Preface
As you walk up Walton Street in Oxford the road bears slightly to the left and a large 19th century building comes into view. It is not an Oxford college but the headquarters of the Oxford University Press. OUP is the largest university press in the world, and can date its origins back to around 1480. In 1983 I arrived at this building carrying a Texas Silent 700 terminal. This used thermal ink printer technology and had two rubber ears on the top into which a telephone handset could be inserted to link the printer into the public telephone network. A decade earlier I had used the same technology to use the first computer-based search services developed by the Lockheed Corporation and System Development Corporation.
I was heading up early attempts by Reed Publishing to develop electronically published products and services, notably airline flight timetables. Reed owned International Computaprint Corporation, based in Fort Washington, PA, which specialised in keyboarding and printing telephone directories. Reed had been working with IBM and the University of Waterloo, Canada on the New Oxford English Dictionary (NOED) project, which was to create a digital version of the Oxford English Dictionary. The proof of concept was to digitise the one of the Supplements to the First Edition, starting at the letter S. The digitisation and indexing had now been completed and I, together with Hans Nickel, the founder and CEO of ICC, were to demonstrate what we had achieved to the NOED project team, led by Tim Benbow and Edmund Weiner. Many of the team of lexicographers were sceptical of the value of the project, and there was a mixture of expectation and disinterest around the table.
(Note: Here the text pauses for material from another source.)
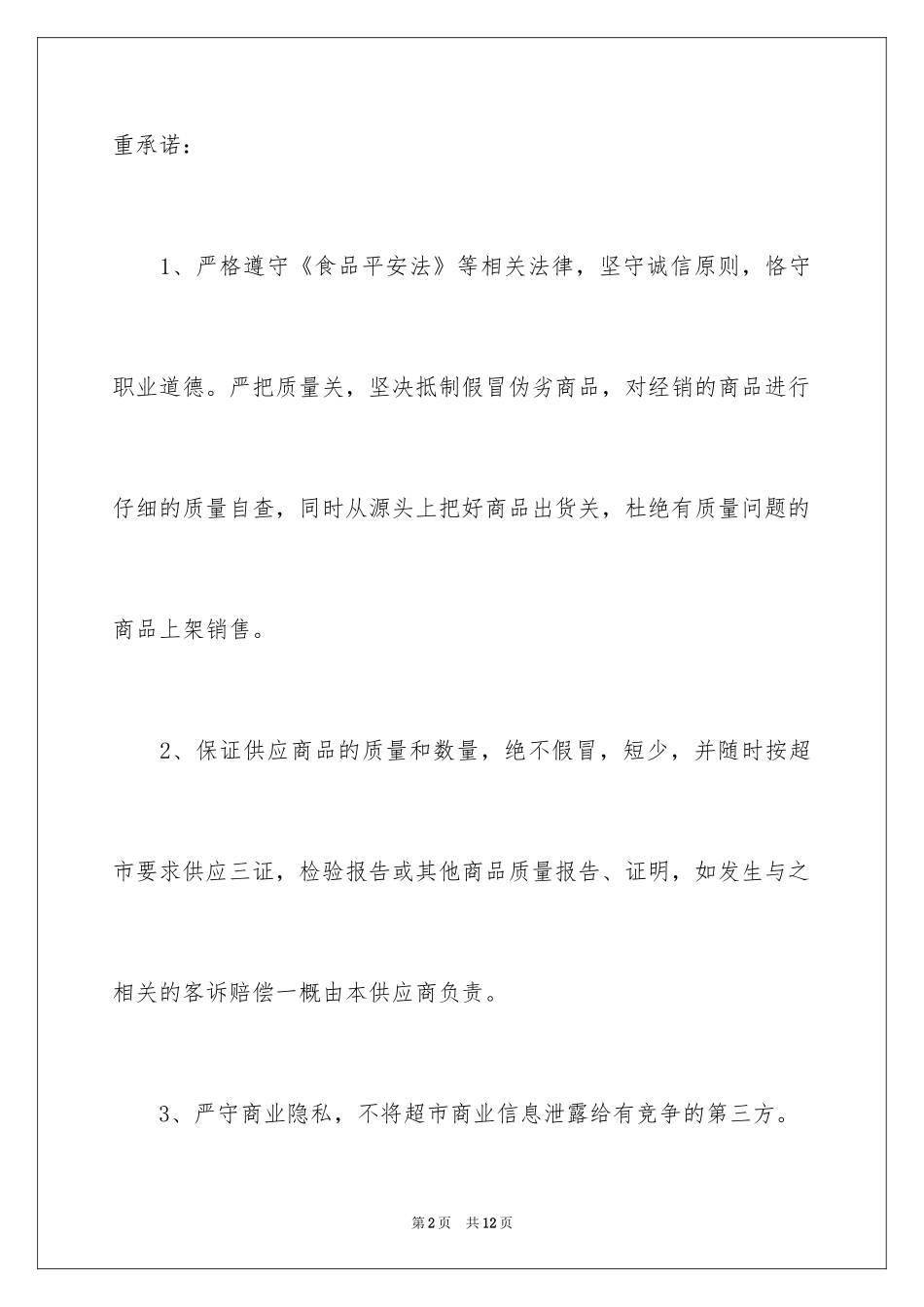 2024供应商质量承诺书_3_第2页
The OED seeks not only to provide a definitive definition of a word, but also the origins of when the word was first used, with examples of subsequent use which may have modified the definition. All these examples were contained on around four million slips of paper. With the terminal we set up a connection (at 300 baud) to the computer in Fort Washington. I can still remember the first question, which came from one of the more sceptical lexicographers, who wanted to know how many words in the OED originated in the Times newspaper. Because all the text had been marked up in Standard Generalised MarkUp language (a forerunner of XML) we could identify the source, and not only provide a count but print out (albeit very slowly) all the examples. There was a short period of silence and then these distinguished scholars suddenly realised the potential of information retrieval. They also recognised that it was not going to put them out of a job but enable them to improve the value of the product. Many more queries were undertaken and the session only came to an end when we ran out of supplies of thermal paper.
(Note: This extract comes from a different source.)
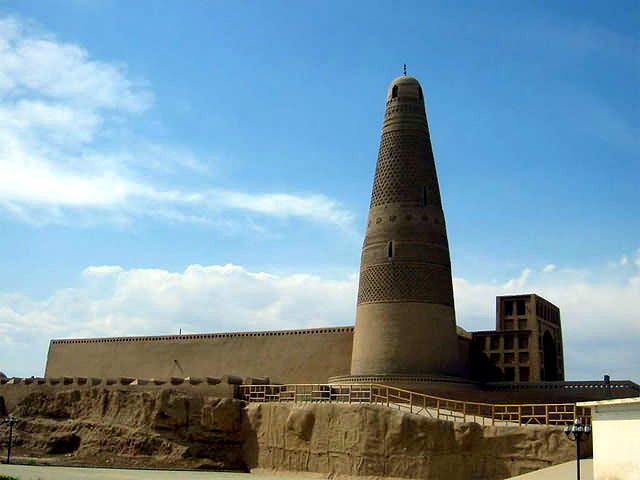 Emin Minaret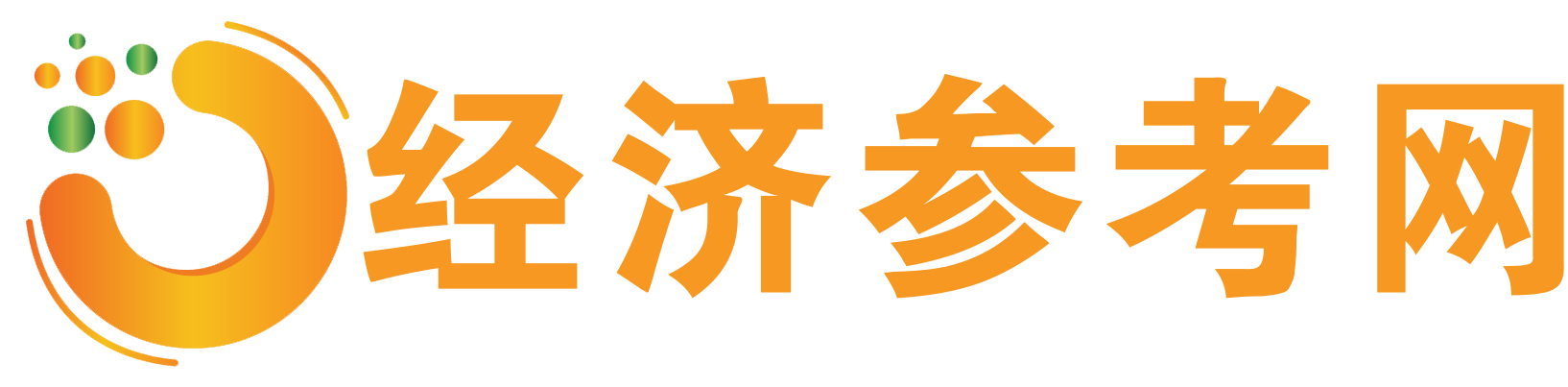 經濟參考網-專業參考資訊傳播平臺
The NOED project was an enormous success, not only for the OUP but also for Dr Gaston Gonnet and his team at University of Waterloo. This team became the nucleus of Open Text Corporation. IBM used the knowledge gained from the project in the development of its search technology as the OED files provided a rich source of syntax information to help with query development.
For me it was a day of discovery about the power of search to discover new relationships between items of information. I learned three important lessons from this project. The first of these was the value of metadata structure in searching. Because of the way that the individual elements of the entries had been marked up in SGML it was easy to search for words that had first been used by Charles Dickens after his return from his first visit to the United States in 1842. The second lesson was gained in listening to the members of the project team from IBM and the University of Waterloo as they talked about the importance of computers being able to understand the structure of sentences, work that would lead to the development of semantic search technologies. The third lesson was in understanding the impact that search could have on organisational processes and outputs.